確かに関心が無いよりは良いのですが、私はかなり心配しています。というのは、中心市街地活性化法はいろんな省庁が相乗りでつくられていて、非常にわかりにくい。そのうえ個別の省庁のスキームは変えないで、縄張りをうまく守りながら町中再生をやるという形なのです。
要は都心に公共事業を投入していこうということです。駅前の再開発だとか、駅前に広場をつくったり、駐車場をつくったりすることに関して、今まで以上に手厚い補助をしていこうというものです。

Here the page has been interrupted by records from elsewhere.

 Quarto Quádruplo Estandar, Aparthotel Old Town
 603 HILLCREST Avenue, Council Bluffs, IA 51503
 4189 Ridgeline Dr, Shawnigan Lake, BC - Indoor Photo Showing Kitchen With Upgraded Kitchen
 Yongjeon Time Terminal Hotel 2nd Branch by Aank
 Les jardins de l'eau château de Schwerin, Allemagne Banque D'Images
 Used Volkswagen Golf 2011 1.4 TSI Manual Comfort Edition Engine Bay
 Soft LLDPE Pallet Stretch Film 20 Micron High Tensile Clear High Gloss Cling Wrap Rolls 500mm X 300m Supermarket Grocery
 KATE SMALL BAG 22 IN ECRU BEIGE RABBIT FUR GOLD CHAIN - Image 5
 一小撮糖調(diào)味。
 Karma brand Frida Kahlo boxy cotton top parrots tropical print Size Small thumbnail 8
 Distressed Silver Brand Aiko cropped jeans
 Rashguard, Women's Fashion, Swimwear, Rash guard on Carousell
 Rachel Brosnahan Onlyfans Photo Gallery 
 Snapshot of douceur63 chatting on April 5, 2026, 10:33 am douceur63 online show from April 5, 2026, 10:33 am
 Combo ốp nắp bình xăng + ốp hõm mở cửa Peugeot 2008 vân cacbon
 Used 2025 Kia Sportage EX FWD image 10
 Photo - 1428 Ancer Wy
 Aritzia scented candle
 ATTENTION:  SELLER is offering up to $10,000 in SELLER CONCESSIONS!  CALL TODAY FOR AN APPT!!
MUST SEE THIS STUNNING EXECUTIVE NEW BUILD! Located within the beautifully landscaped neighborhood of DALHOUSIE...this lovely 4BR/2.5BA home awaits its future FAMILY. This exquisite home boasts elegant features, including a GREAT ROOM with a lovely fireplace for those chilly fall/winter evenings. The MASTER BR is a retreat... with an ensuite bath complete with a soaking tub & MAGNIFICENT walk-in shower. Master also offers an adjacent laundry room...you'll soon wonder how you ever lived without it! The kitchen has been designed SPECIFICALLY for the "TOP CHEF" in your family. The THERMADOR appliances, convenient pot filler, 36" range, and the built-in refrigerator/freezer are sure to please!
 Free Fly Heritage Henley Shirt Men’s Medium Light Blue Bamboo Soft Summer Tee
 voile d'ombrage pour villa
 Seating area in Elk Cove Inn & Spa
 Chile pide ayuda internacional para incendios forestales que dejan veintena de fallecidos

都心は歴史的に重要なコアです。そのコアが大きく変えられる恐れがある。そのことがうまくいけば良いのですが、今それほど沢山の再開発をして、できるのに10年から20年くらいかかって、本当にそこが再生するのかと。つまり、再開発をしてもその頃には時代が変わっている。そのうえハコの中のノウハウは行政ではなかなかできないわけです。これを何とか支援しようとする施策もありますが、本来なら商業者が今あるストックを活かして、どのように都心ににぎわいを取り戻せるのか、郊外型でない魅力をどう作り出せるかを考えていくことが重要なのです。なのに、それよりも先に大きな投資を公共側でやっていこうということです。これでは都心をもう一回大きく再編してしまう恐れがあるのではないかと危惧しています。
経済政策とまちづくり
いま経済戦略会議というものが開かれていますが、これが近々構想を打ち出すことになっています。その中で一つ出てきそうなのが、都心に超高層を建てようという動きです。これはそういうことを進める人が中に入って発言しているからでもあるのですが、大変な超超高層を都心に何本も建てることによって、郊外化もくい止め、都心居住もできる、人口も戻る、ということが本気で考えられています。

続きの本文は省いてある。